»»

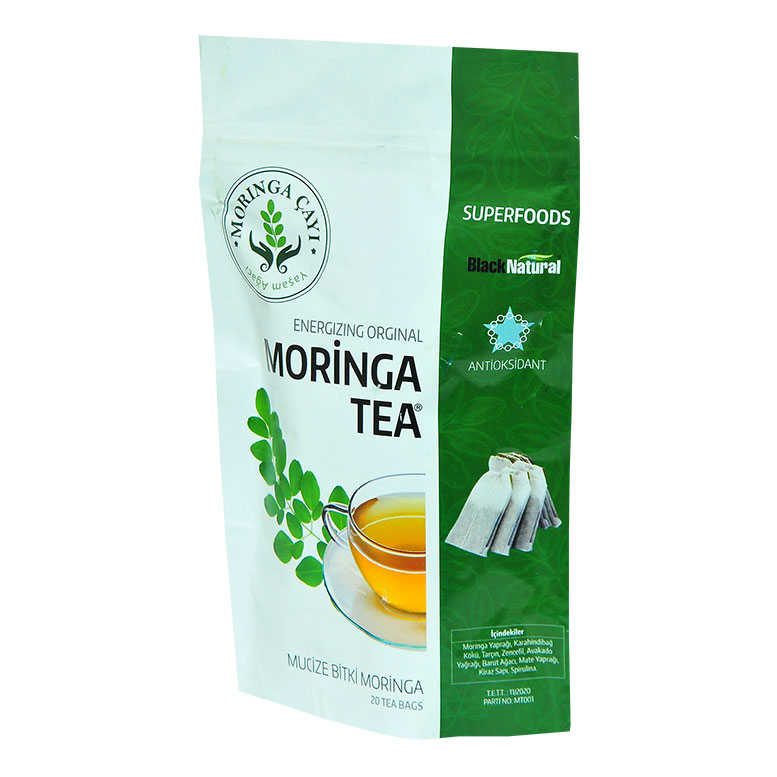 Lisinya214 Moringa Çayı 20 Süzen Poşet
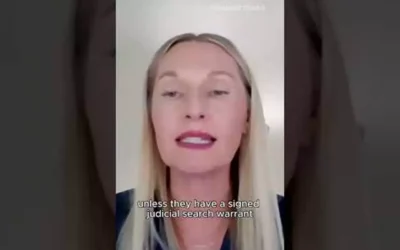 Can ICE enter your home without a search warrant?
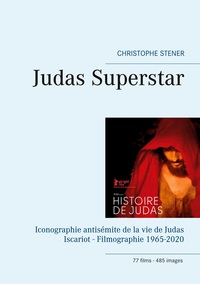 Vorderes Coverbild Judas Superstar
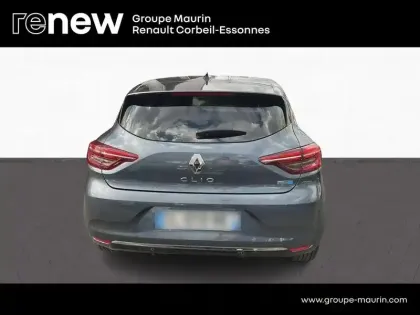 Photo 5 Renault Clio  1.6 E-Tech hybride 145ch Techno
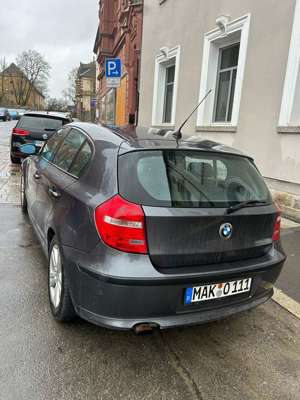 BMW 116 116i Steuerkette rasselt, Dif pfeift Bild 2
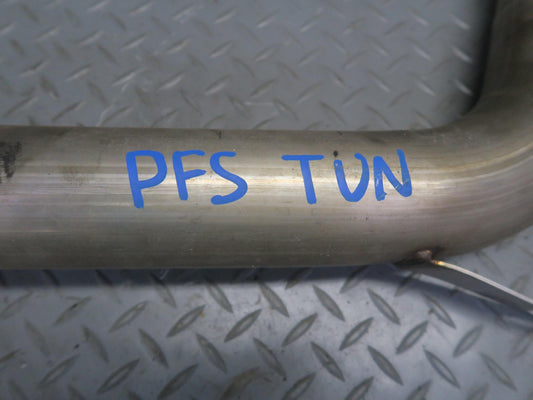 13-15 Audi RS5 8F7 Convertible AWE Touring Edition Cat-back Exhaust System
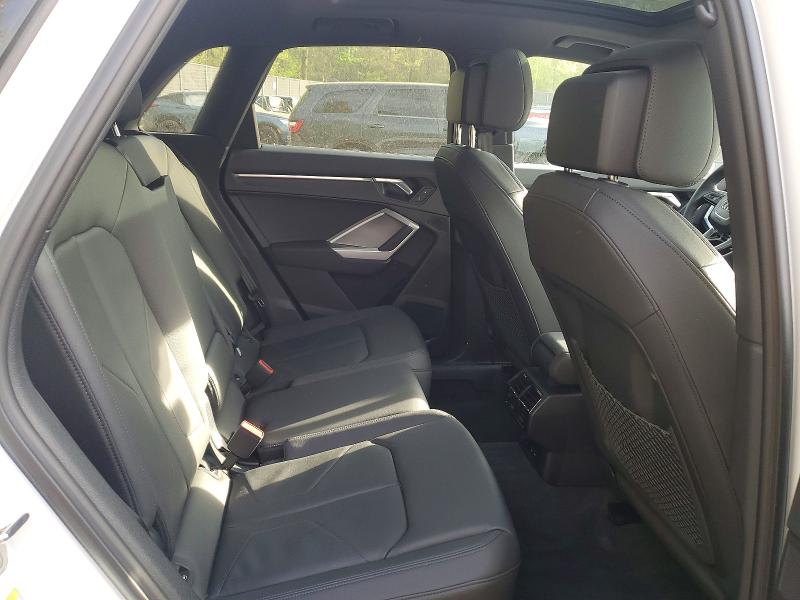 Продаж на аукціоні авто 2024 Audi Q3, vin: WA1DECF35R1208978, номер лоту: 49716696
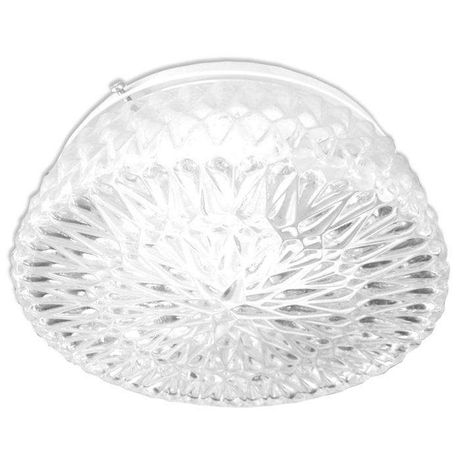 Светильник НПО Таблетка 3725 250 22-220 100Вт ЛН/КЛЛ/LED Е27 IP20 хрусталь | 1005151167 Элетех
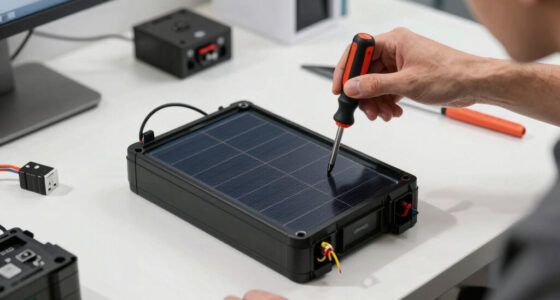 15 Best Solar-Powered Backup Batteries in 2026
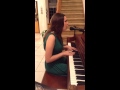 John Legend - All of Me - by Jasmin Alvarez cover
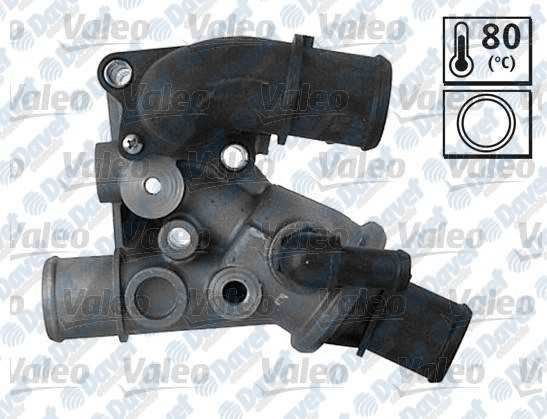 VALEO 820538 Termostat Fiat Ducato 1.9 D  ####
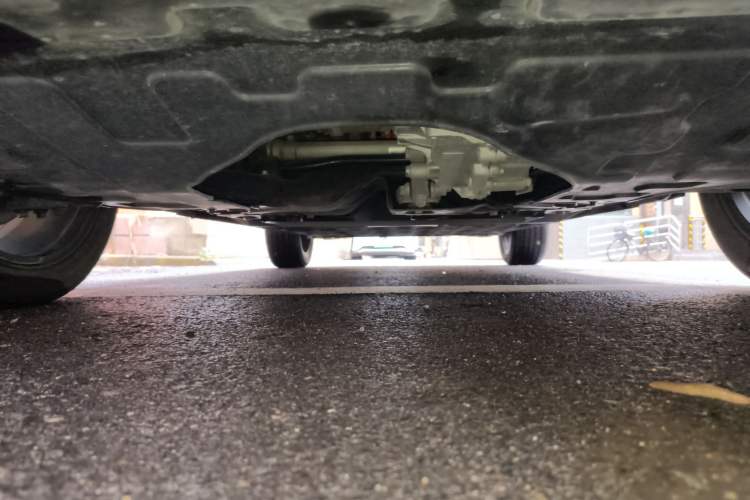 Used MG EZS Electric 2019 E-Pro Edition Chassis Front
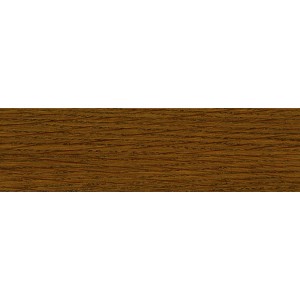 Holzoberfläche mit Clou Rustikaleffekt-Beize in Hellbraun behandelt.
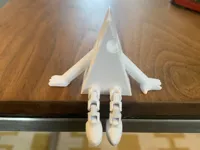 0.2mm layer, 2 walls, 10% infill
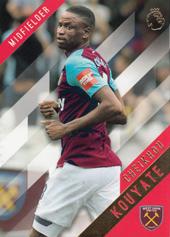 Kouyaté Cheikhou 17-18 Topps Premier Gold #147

««

Extract from the material above the stretch running from the line containing "15 Best Solar-Powered" through the line containing "0.2mm layer, 2 walls, 10% infill". Keep the text exact and the pictures out.

■ **Answer for this exercise**:
 15 Best Solar-Powered Backup Batteries in 2026
 John Legend - All of Me - by Jasmin Alvarez cover
 VALEO 820538 Termostat Fiat Ducato 1.9 D  ####
 Used MG EZS Electric 2019 E-Pro Edition Chassis Front
 Holzoberfläche mit Clou Rustikaleffekt-Beize in Hellbraun behandelt.
 0.2mm layer, 2 walls, 10% infill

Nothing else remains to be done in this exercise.